Understanding the language of breast cancer through translational research

Young woman with a headscarf

For anyone, a cancer diagnosis is a devastating revelation. The mind reels as one’s mortality is suddenly thrust into the spotlight sooner than anticipated. More disheartening still must be the moment someone learns of its return after a months- or years-long battle. But with the help of a highly specialized team of researchers, London Health Sciences Centre (LHSC) is spearheading novel studies to better understand the various intricacies of breast cancer.

As a city well-recognized for the role it plays in breast cancer research, London sits on the world stage as a centre of excellence relating to metastasis: the spread of cancer away from its original site. And while breast cancer is generally known for having better outcomes, this is only true if it remains localized.

“About 25% of patients with breast cancer will develop metastatic disease, and metastasis is the main cause of cancer death,” says Dr. Alison Allan, Director of the Breast Cancer Society of Canada Translational Research Unit at LHSC. “Metastasis is really the big unsolved problem when it comes to breast cancer, and London has maintained that as an important area of focus.”

In the last several years, the Breast Cancer Society of Canada (BCSC) has been making a concerted effort to identify and fund centres across the country breaking new ground in the field. To this end, the BCSC recently made a $2.5 million commitment, further solidifying its two-decade-long support of breast cancer research in London.
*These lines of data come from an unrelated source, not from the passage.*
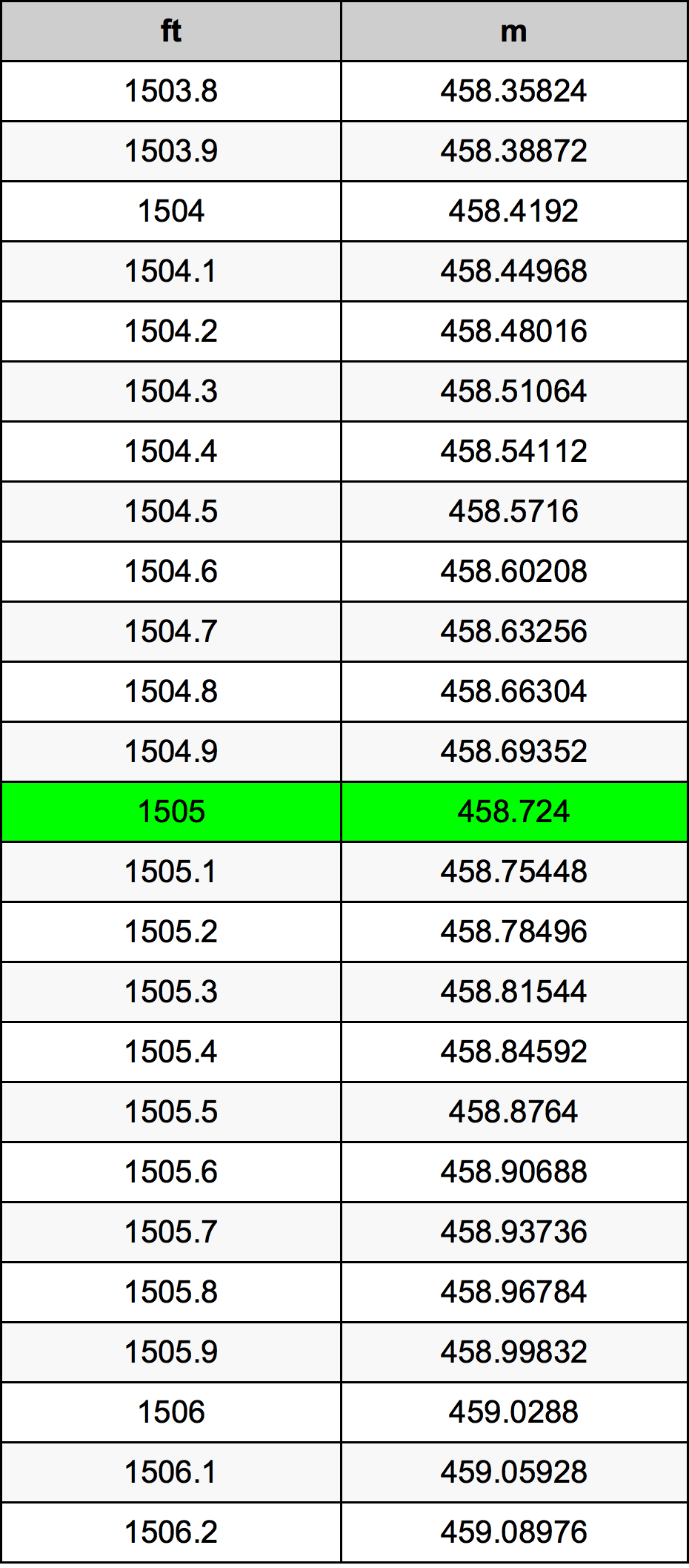1505 Uqija konverżjoni tabella
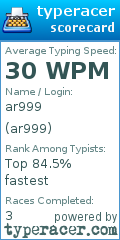 Scorecard for user ar999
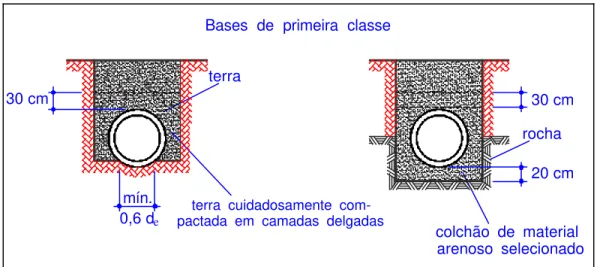 Figura 2.12 – Bases de primeira classe ou Classe B (instalação em vala),  adaptado por EL DEBS (2003)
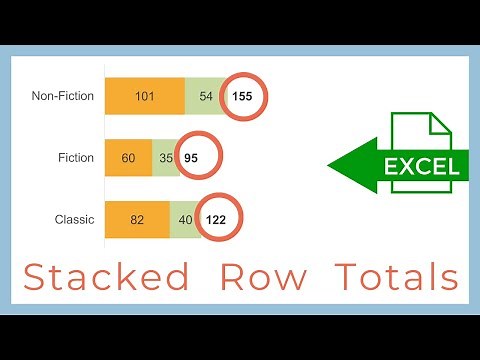 How to display Totals on a Stacked ROW Chart in Excel - 2 Methods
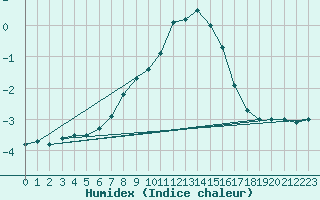 Courbe de l'humidex pour Zilani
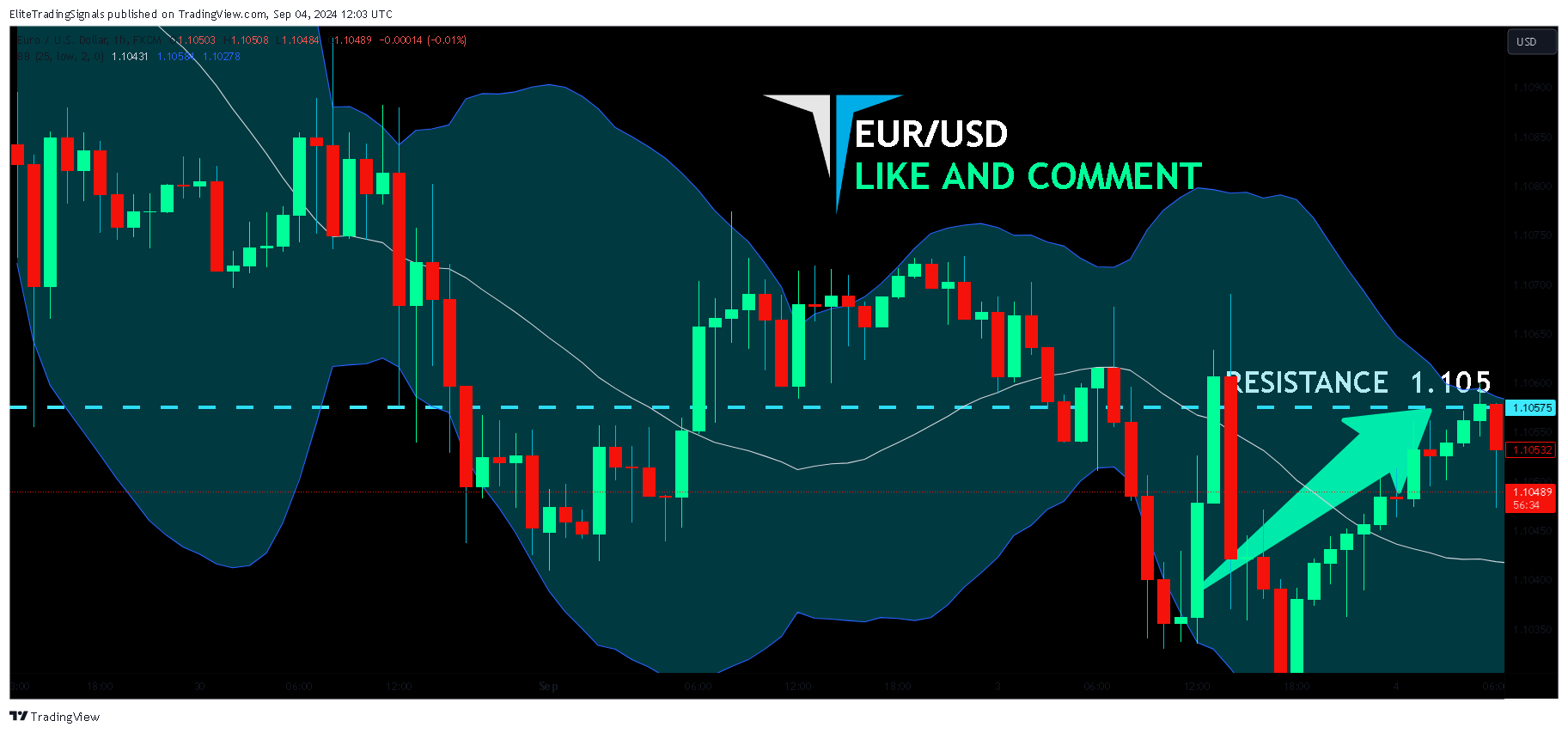 FX:EURUSD Chart Image by EliteTradingSignals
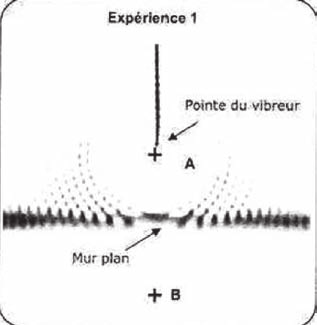 Un vibreur muni d une pointe frappe verticalement, avec une fréquence connue, la surface de l eau contenue dans une cuve à ondes.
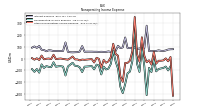 Other Nonoperating Income Expense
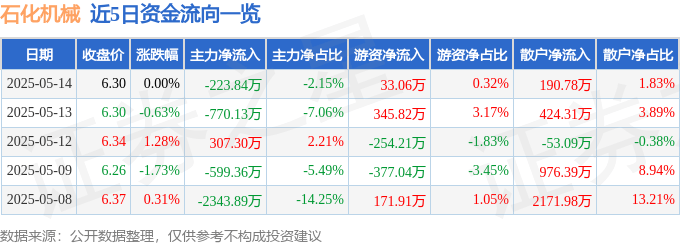股票行情快报：石化机械（000852）5月14日主力资金净卖出223.84万元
Accompanying this pledge, the research unit was renamed the Breast Cancer Society of Canada Translational Research Unit at the London Regional Cancer Program (LRCP).

As a multidisciplinary team effort, translational research is all about supporting one another towards a common goal. One such collaboration pertains to the cutting-edge research led by Braeden Medeiros, PhD graduate student at Western University, who is examining how and why certain breast cancer cells travel to the lung, where survival rates drop dramatically.

“In the first aspect of my project published last year, we showed how the lung develops a supportive environment allowing cancer cells to travel from the breast to the lung,” says Medeiros. “We wanted to determine why this is happening and finally, to prevent it.”

The initial study, partially funded by donors, showed how particles known as extracellular vesicles can travel from the primary tumour to the secondary site, acting as a sort of communicator to help cultivate an environment for additional cancer growth in the lung. However, this environment only develops based on particular sub-types of breast cancer. With this in mind, Medeiros and the BCSC Translational Research Unit are now in the process of trying to cut off communication from tumour to lung, and so far, things appear promising.

“We’ve taken an FDA approved drug and shown how it’s able to prevent this communication, thereby reducing instances of lung metastasis,” he says.

Apart from the work being done with metastasis, Dr. Ana Lohmann, clinician researcher at LHSC, is studying late recurrence: cancer that returns after more than 5 years in remission. “If we can identify patients at risk of late recurrence using a specialized ‘liquid biopsy’ blood test as a means of prediction, we can potentially offer treatment before metastasis become clinically identified,” Dr. Lohmann says.

Currently, there are no specific blood tests available capable of identifying women who are at high risk of late recurrence. Recruiting patients from around the continent, this Late Recurrence Study has become the epitome of collaboration, garnering international attention with coordination from the Canadian Cancer Trials Group.

Dr. Lohmann is also leading a multicentre study in Ontario and Quebec to diagnose breast cancer recurrence using less invasive tools. When physicians suspect there are recurrences, a tissue biopsy is performed to confirm—an invasive, time-consuming process. Dr. Lohmann and team want to streamline detection using a single blood draw for a liquid biopsy to identify cancer cells or pieces of tumor DNA in the bloodstream.

To solve difficult problems in the clinic, you need to have the people in place willing to think outside of the box. Thanks to our donors, who are able to see the value in supporting these types of initiatives, researchers can drive translation to the clinic, making progress much faster. By not only preventing the disease from communicating its way through the body, but also improving efficiencies in prediction methods, LHSC’s BCSC Translational Research Unit is aiming to stop breast cancer fast in its tracks.